Sydney Morning Herald logo Sydney Morning Herald 11/09/2019 David Scutt
a close up of food: A worker carries a 28 kilogram gold bar after casting and cleaning in the foundry at the South Deep gold mine in South Africa. © Bloomberg A worker carries a 28 kilogram gold bar after casting and cleaning in the foundry at the South Deep gold mine in South Africa.

Pressured by rising bond yields and a perceived lessening in geopolitical risks, gold prices have fallen sharply in recent days after they scaled six-year highs last week.

But Citibank’s commodity research team is confident the recent slide isn't the start of a longer-lasting trend, telling clients that prices could soar as high as $US2,000 per ounce within the next couple of years.

“We now expect spot gold prices to trade stronger for longer, possibly breaching $US2,000 per ounce and posting new cyclical highs at some point in the next year or two,” Citi said in a note released this week.

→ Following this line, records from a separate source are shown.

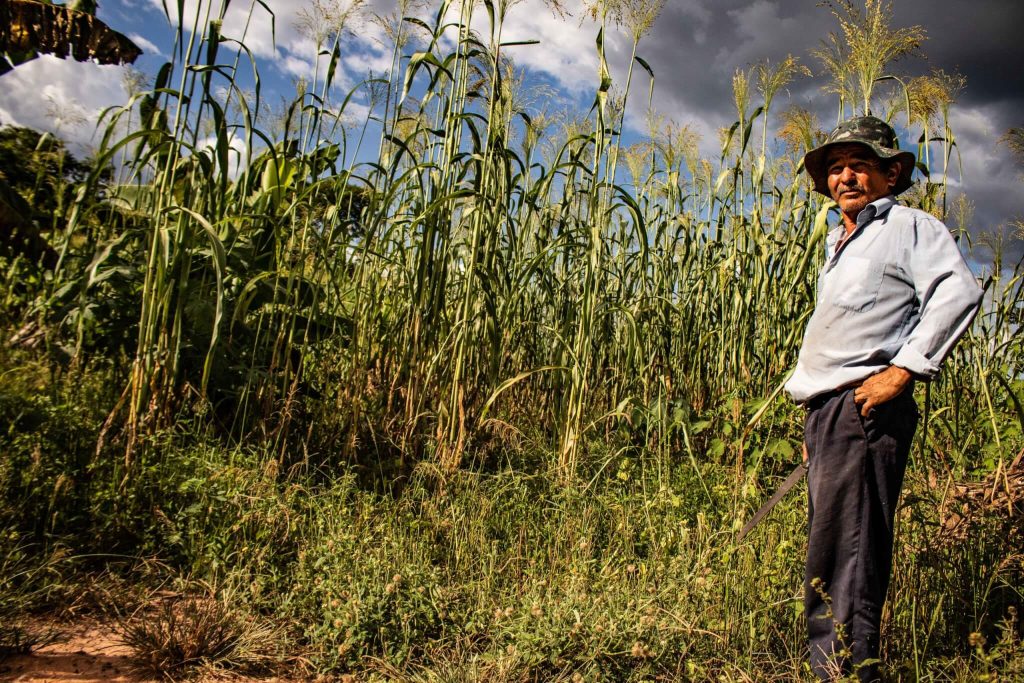 Juvenil Ribeiro Costa, seu Thoco, é artesão chiquitano e produz vassouras a partir de "Sorghum bicolor" (Foto: Acervo ISPN/Méle Dornelas)
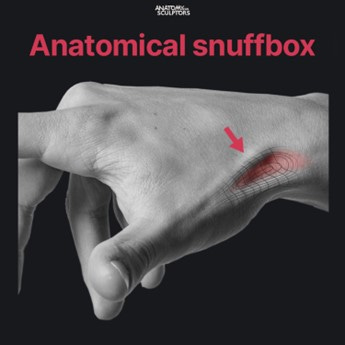 snuffbox 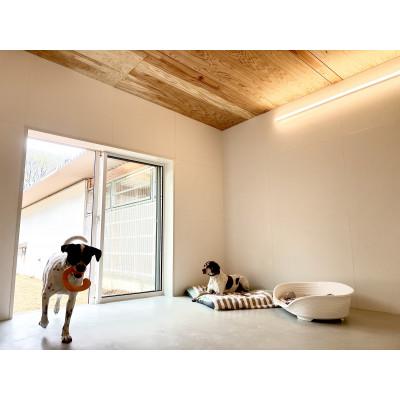 ふるさと納税 長和町 山の中のプライベートドッグホテル 1泊2日/1頭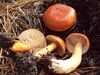 Lactarius luculentus 70859.jpg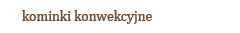kominki konwekcyjne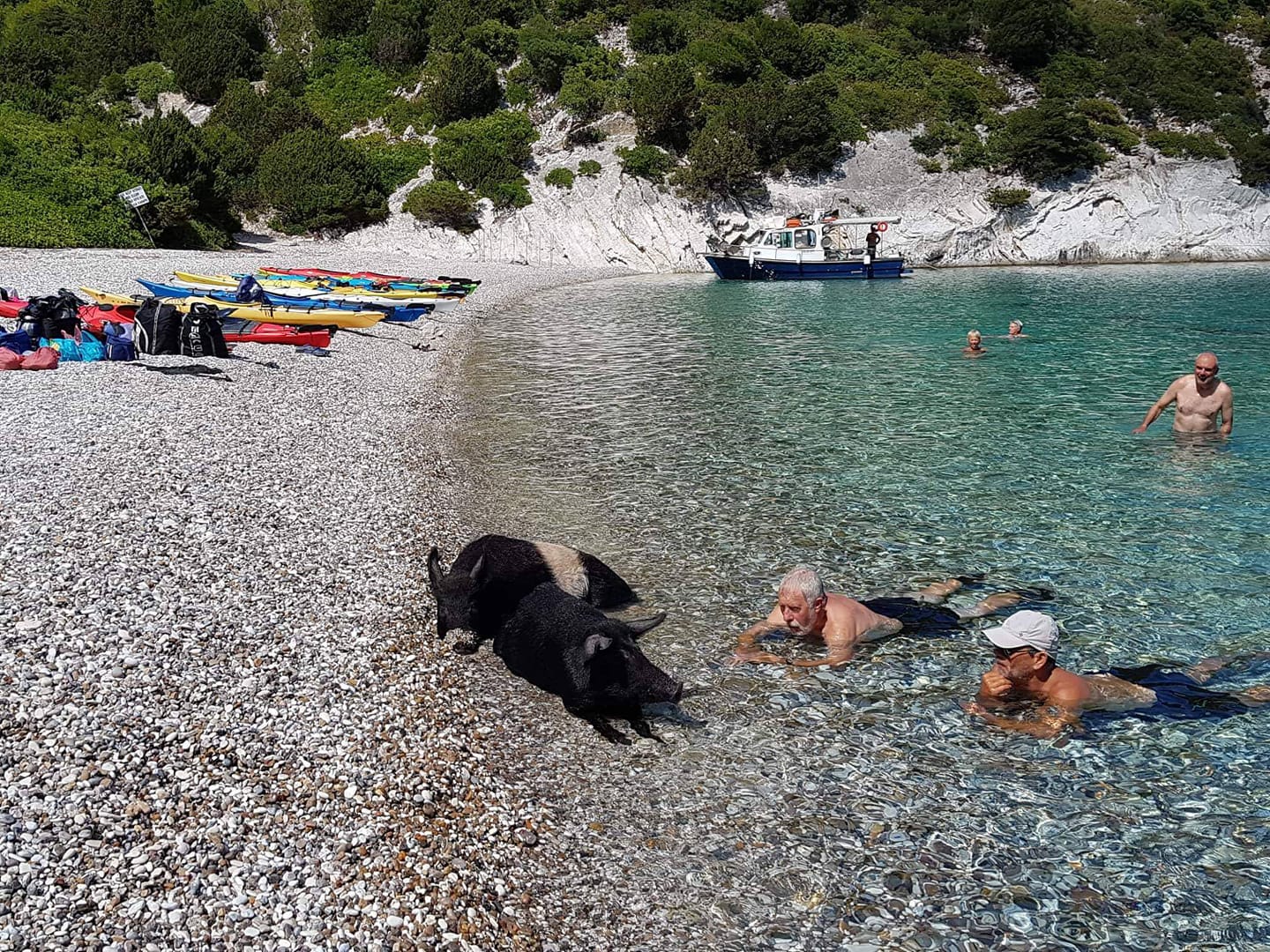 Άτοκος: Το «Νησί των Χοίρων» στο Ιόνιο που εντυπωσιάζει τουρίστες από όλο τον κόσμο (βίντεο)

“Lower for longer nominal and real interest rates, escalating global recession risks - exacerbated by US-China trade tensions - heightened geopolitical rifts amid rich equity and credit market valuations, coupled with strong central bank and investor buying activity, are all combining to buttress a bullish gold market environment.”

Citi’s base case scenario – deemed by the bank as a 60 per cent probability – is for the gold price to finish 2019 at $US1,417 per ounce before lifting to $US1,675 by the end of 2020. Longer term, it forecasts that prices will eventually lift to $US1,850 by 2022.

As for the risks to its updated forecasts, Citi deems they’re to the upside with its "bull case" scenario – seen as a 30 per cent probability – looking for the gold price to lift to $US2,000 in 2021 and $US2,150 in 2022.

“We find it reasonable to consider an increasing probability that bullion markets can re-test the 2011-2013 nominal price peaks and trade to $US1,800-$US2,000 per ounce by 2021/22 on the back of a US business cycle turn towards slower growth/recession on top of election uncertainty,” Citi said.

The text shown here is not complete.